Last month’s post about Rho’s experience as an Asian American struck a chord with Cait Ennis. Born in Philadelphia to a Chinese mother and a White American father, Cait struggled to find herself within these two identities.
“I feel like I do not know my culture fully, and people ask me sometimes what I am, and I know the answer to that question, and I don’t know the answer,” Cait begins. Growing up, Cait felt an inner divide between her Chinese and American heritage. “The quest for my self-identity has been challenging because of this.”
Cait’s Childhood as a Chinese American
In Philadelphia, Cait was immersed within an Asian community in that city. She learned Mandarin in school and connected with other Asian American children. However, when Cait moved to North Carolina at the age of 12, she lost this community and access to language education. This disconnect possibly added to the identity crisis that began for her in middle school.
“That culture shock of being in the South was hard. I would try to be whiter and prop up that side of myself so I would not feel as ‘Othered’ [within my new community]. I also did not feel like I fit into the Asian mold, but I also did not quite fit into the white girl mode. It was hard to make peace with that. I was in middle school, which is a crazy time for anyone. We were all trying to find ourselves and fit in. I think I did lean into my white side because I didn’t have any Asian friends in the south. I started ignoring my Asian heritage to fit in. Since then, I have gone back made peace with my roots. I am proud to be an Asian American now, I see value in that, and I love my heritage. But there was a while where I did not feel that way.”
Part of Cait’s identity confusion came from her family background, as well. With a fully white American father and fully Chinese mother, her family tree brought together two separate worlds, and often, two separate sets of expectations. Cait explains how her Polish-Italian grandmother’s advice would at times conflict with the values of her Chinese grandma. “My white grandma would ask me about boyfriends and sports, and my Chinese grandma would ask me about my grade. Trying to be good enough for both was challenging.” Retrospectively, Cait does not believe that the expectations place on her by either side of her family were inherently at odds with each other, but she did believe that to be the case as she was growing up. “I struggled to think I was capable of doing both and of fitting into both boxes. Once I let that go, I was able to just be myself. Sometimes, I wish I did hold onto my Asian culture more and continued learning about the language and culture. That move from Philly to Charlotte created a lot of physical space between me and the Asian American community.

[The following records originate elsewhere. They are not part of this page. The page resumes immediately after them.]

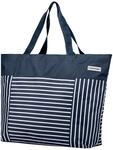 anndora XXL Strandtasche 40 Liter &ndash; gro&szlig;e Badetasche mit Rei&szlig;verschluss &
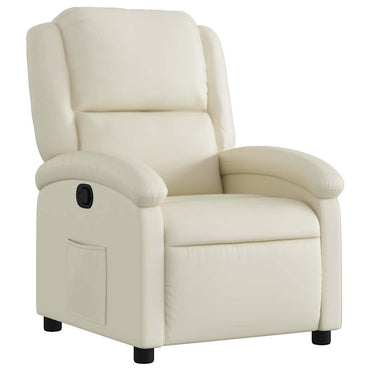 vidaXL Fauteuil relax crème similicuir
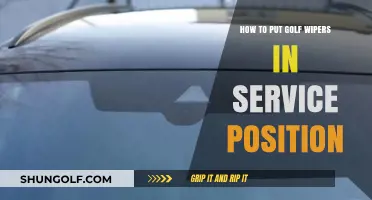 Mastering Golf Wiper Service Position: A Step-by-Step Guide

“My mother’s side of the family are all in China, and I do not get to see them often. I often wonder my mother wishes I did speak Mandarin and knew more about the traditions. But, my mother moved here without speaking the language or knowing a single person; it is interesting to see what she stepped into and what she left behind.”
Part of what her mother left behind was, perhaps, the hopes of having children that understood and identified with a Chinese background in the same way that Cait’s mother does.
Cait often cites the loss of her Philadelphia community as the beginning of the end for her Asian identity. Despite having a mother that was born and raised in China, spoke the language, and knew all the customs, the community she once had seemed vital to her understanding of her roots. Without that connection, it was challenging for Cait to continue playing both roles. “I doubt my mom holds me responsible for the lost connection to my roots, but I think it is something that happens when you have children in a foreign country— [there is a loss of heritage].”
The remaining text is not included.